### Input data:
::::
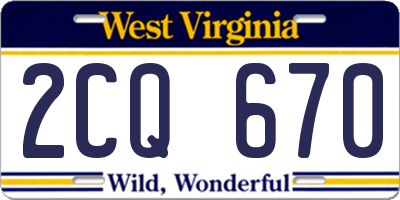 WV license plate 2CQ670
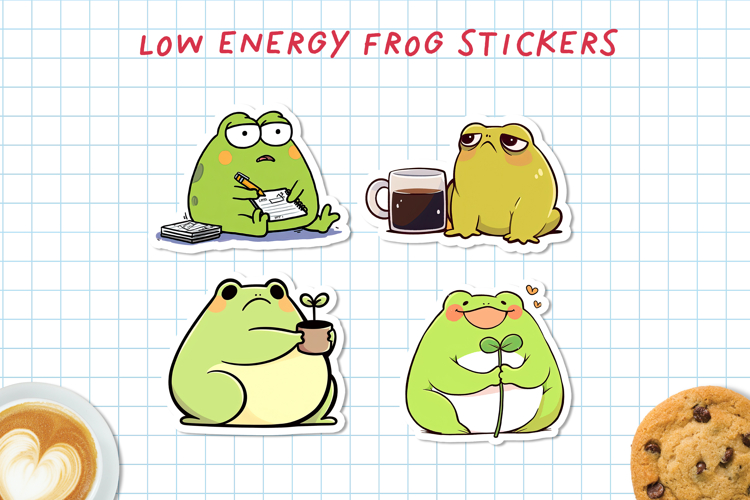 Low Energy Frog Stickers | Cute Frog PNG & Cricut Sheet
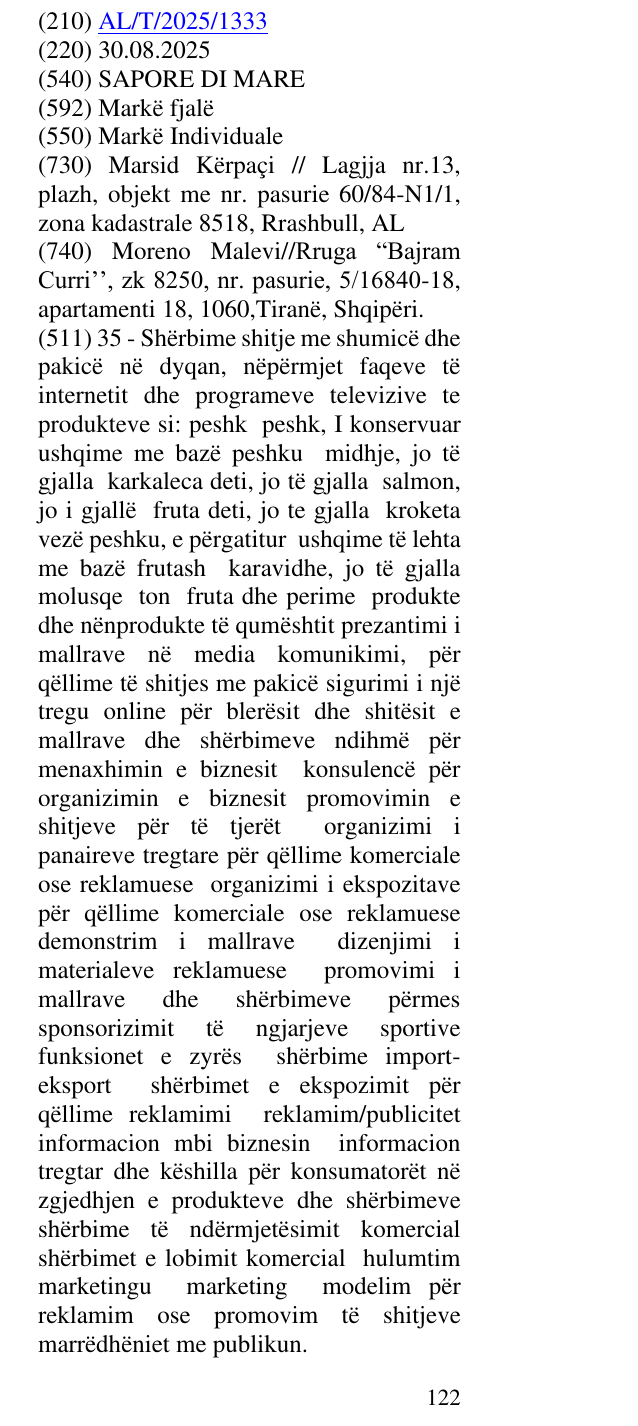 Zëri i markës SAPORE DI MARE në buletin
::::
### To do:
Reproduce the lines from the one with "Low Energy Frog" through the end of the data, keeping both end lines, adding nothing, and dropping any pictures.

### Answer to this exercise:
 Low Energy Frog Stickers | Cute Frog PNG & Cricut Sheet
 Zëri i markës SAPORE DI MARE në buletin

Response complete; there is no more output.